◆ Problem statement ◆
Every line below from the one with "Project Update: Main" through the one with "Puzzle Chambre de" should be retyped exactly, both ends included; no other lines and no pictures.

◆ Supplied information ◆
+++

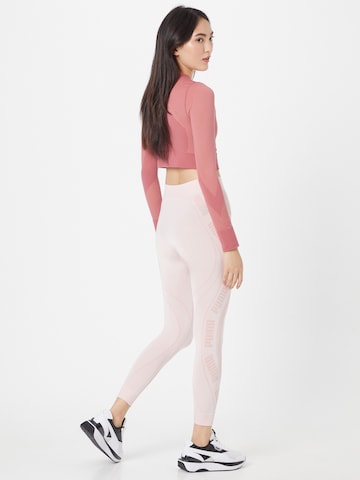 PUMA Skinny Sporthose in Pink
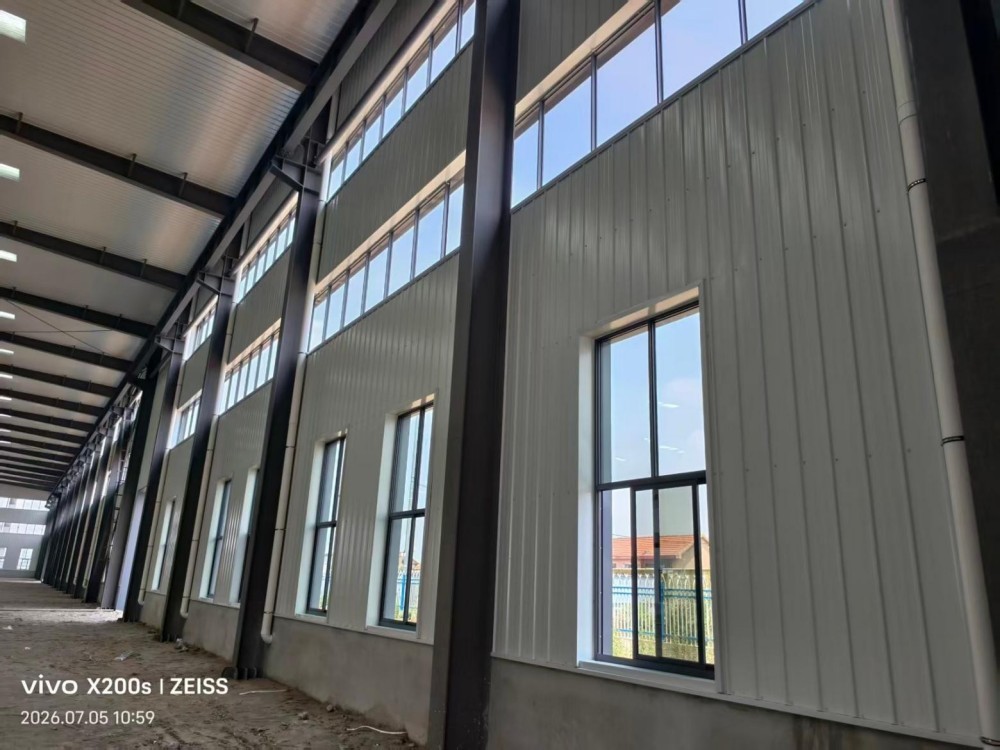 Project Update: Main Structure of 12,000 ㎡ Steel Structure Workshop Completed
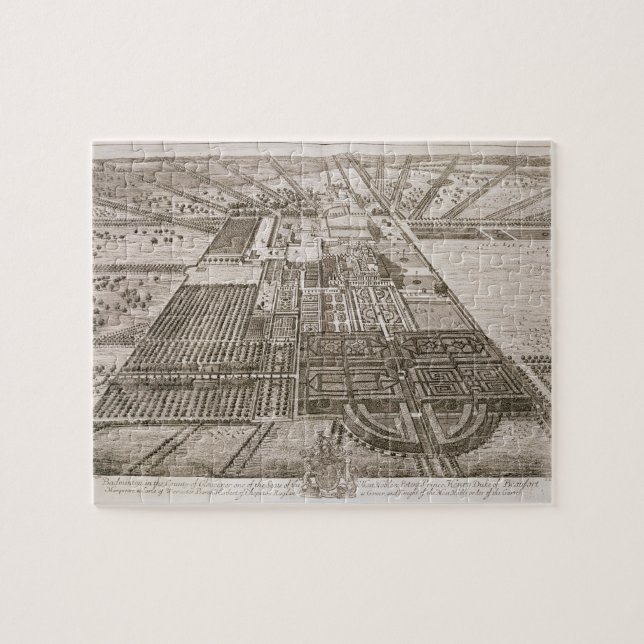 Puzzle Chambre de badminton dans le comté de Gloucester, (Horizontal)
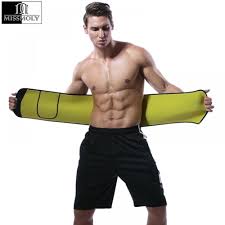 Man Neoprene Waist Trainer Slimming Belt Tummy Reducing Belts Body Shapers Promote Sweat Shapewear Men Shaper Modeling Strip In 2020 Waist Trainer Waist Trainer Workout Waist Trainer Cincher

+++

◆ Output of the task ◆
 Project Update: Main Structure of 12,000 ㎡ Steel Structure Workshop Completed
 Puzzle Chambre de badminton dans le comté de Gloucester, (Horizontal)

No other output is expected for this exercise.